───── INPUT RECORDS
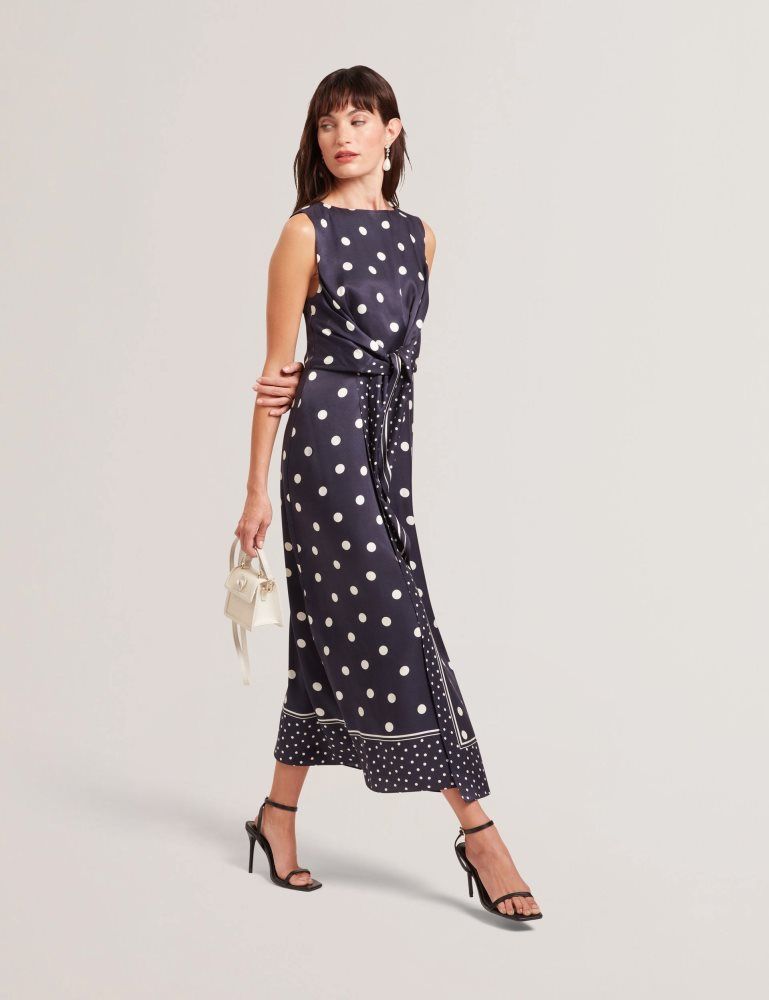 Ted Baker Malmoa - Polka Dot Tie Detail Column Midi Dress Kleid Damen Navy | 375904-GWM
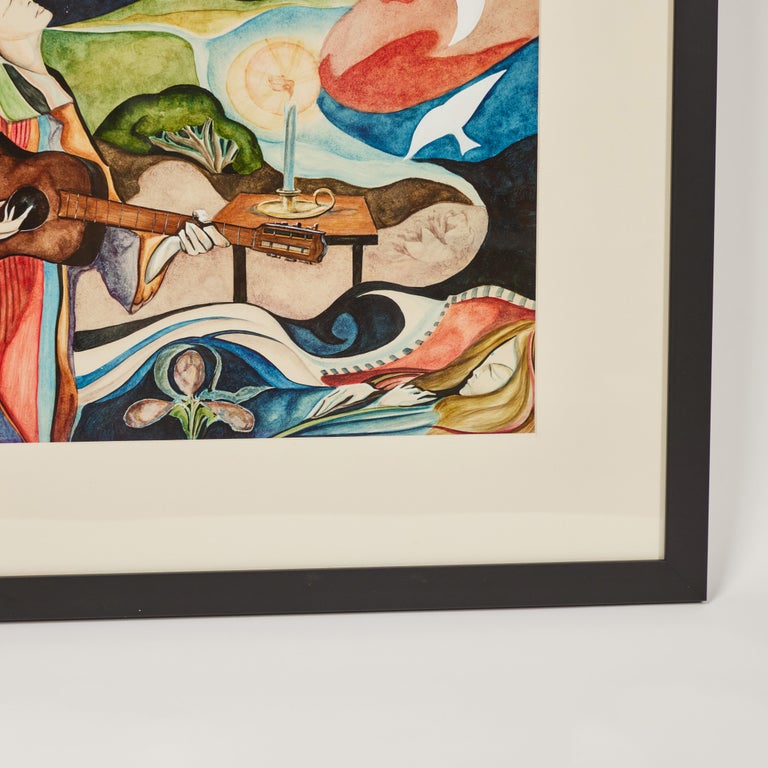 Vintage Acrylic Painting on Paper of Musician, Signed by Artist, circa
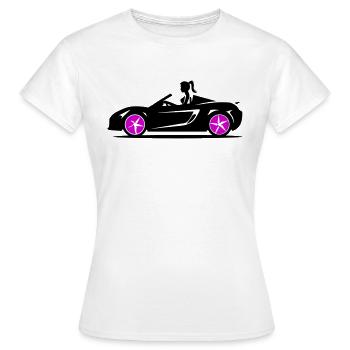 Femme Voiture de sport Cabriolet Voiture - T-shirt Femme - blanc - Devant - AI Model Female 172 dark (172cm)
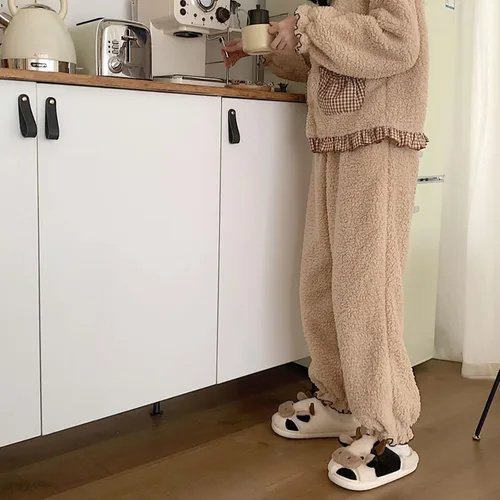 Miniatura 7 de Fuzzy Cow Slippers for Women Men, Cute Cotton Animals House Shoes Fluffy Plush Slippers for Girls Indoor Living Room Bedroom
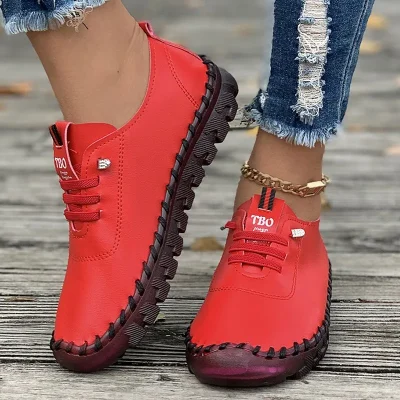 Sneakers Women Shoes Loafers Lace Up Leather Flat New Casual comfortable Mom Shoe Mujer Zapatos Chaussure Femme 2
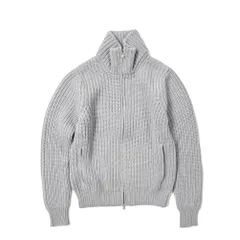 GRAN SASSO グランサッソ / ニットカーディガン ハイネック スタンドカラー ローゲージ ヴァージンウール カシミヤ ライトグレー 399625のサムネイル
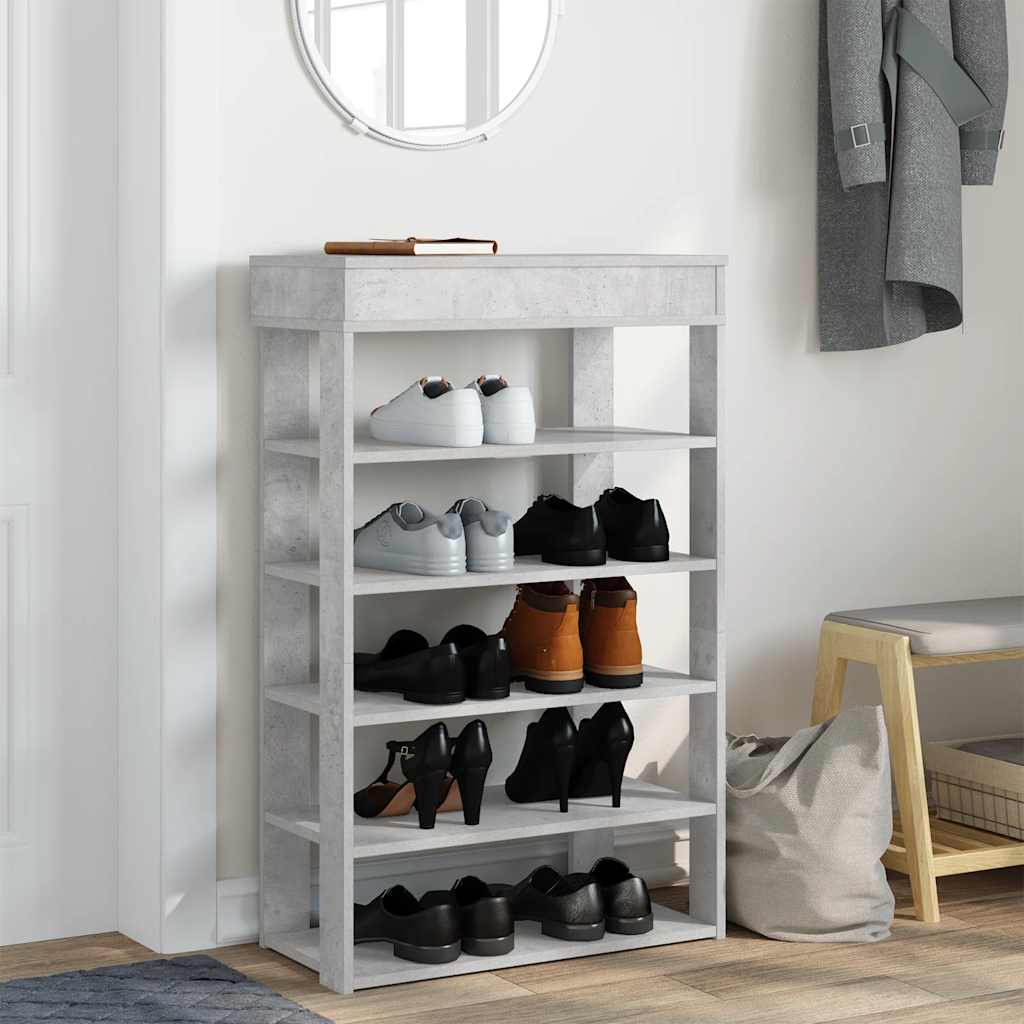 Vidaxx étagère à chaussures 60x30x98 cm bois d'ingénierie béton gris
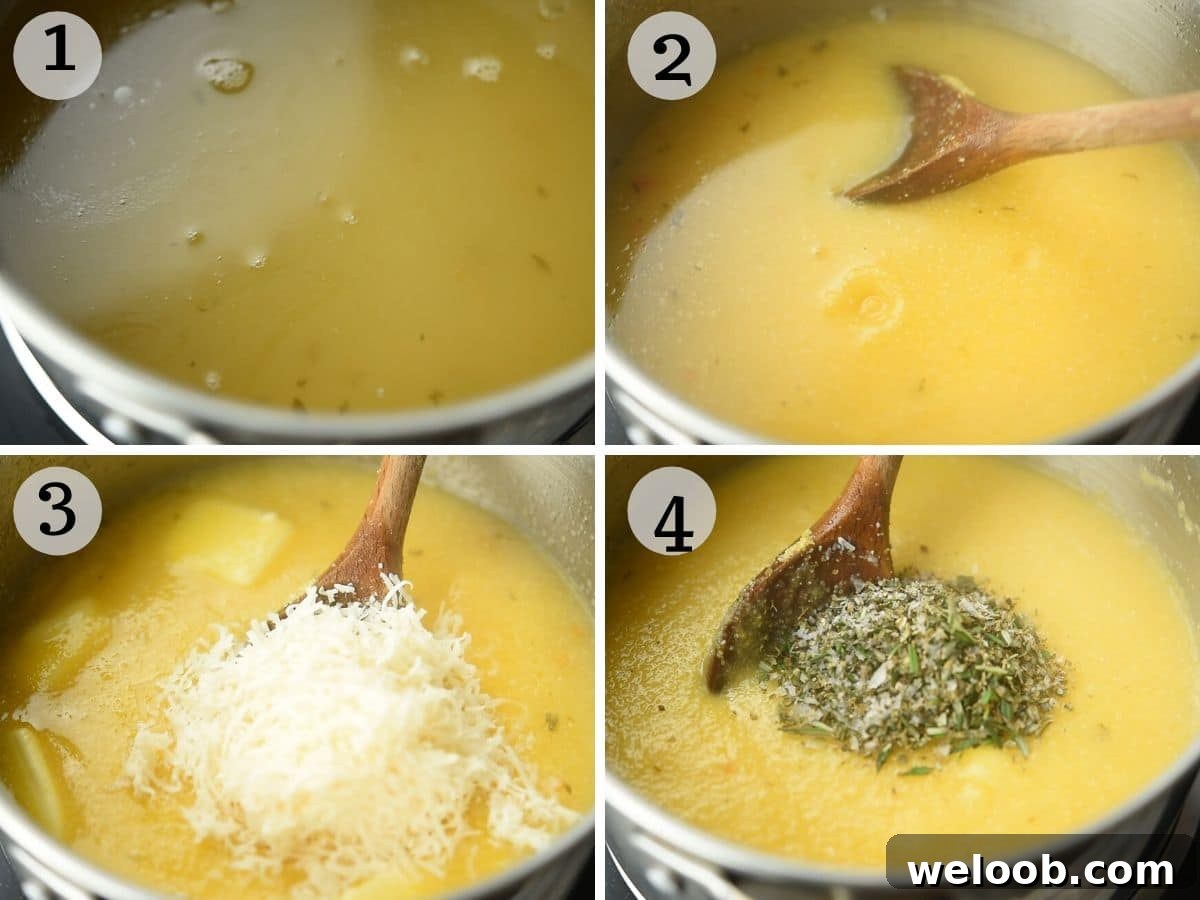 Step by step photos for making polenta from scratch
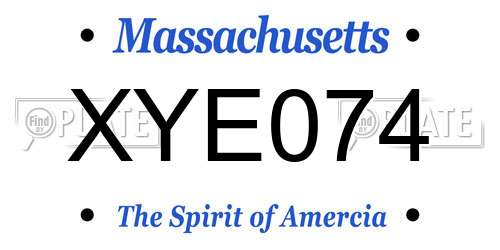XYE074 Massachusetts License Plate
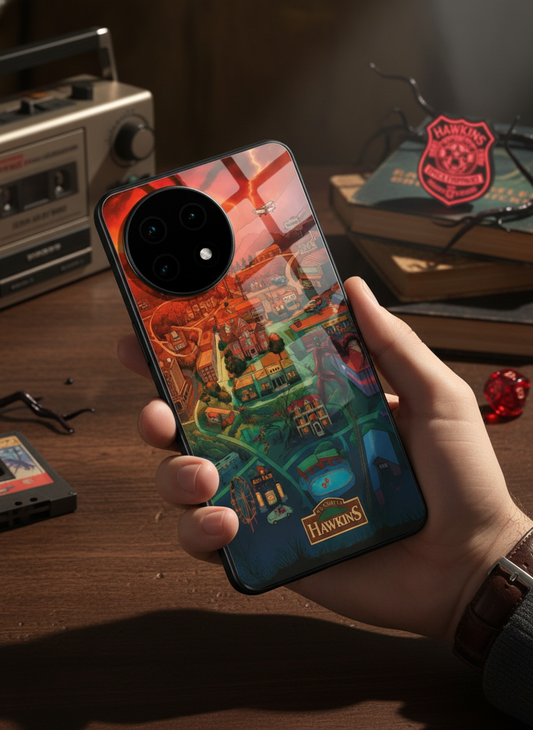 STRANGER THINGS- Hawkins Cinematic Map Premium Glass Back Cover For One Plus 13, 12, 11, 10, Nord Series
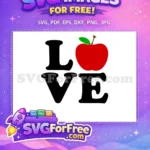 Free Black Love Letters Free Red Apple Teacher Free SVG - Instant Download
──────────
TASK GOAL
Quote verbatim every line starting at the line that contains "Miniatura 7 de" and ending with the last line of the records; omit all pictures.

SOLUTION TO THE EXERCISE
 Miniatura 7 de Fuzzy Cow Slippers for Women Men, Cute Cotton Animals House Shoes Fluffy Plush Slippers for Girls Indoor Living Room Bedroom
 Sneakers Women Shoes Loafers Lace Up Leather Flat New Casual comfortable Mom Shoe Mujer Zapatos Chaussure Femme 2
 GRAN SASSO グランサッソ / ニットカーディガン ハイネック スタンドカラー ローゲージ ヴァージンウール カシミヤ ライトグレー 399625のサムネイル
 Vidaxx étagère à chaussures 60x30x98 cm bois d'ingénierie béton gris
 Step by step photos for making polenta from scratch
XYE074 Massachusetts License Plate
 STRANGER THINGS- Hawkins Cinematic Map Premium Glass Back Cover For One Plus 13, 12, 11, 10, Nord Series
 Free Black Love Letters Free Red Apple Teacher Free SVG - Instant Download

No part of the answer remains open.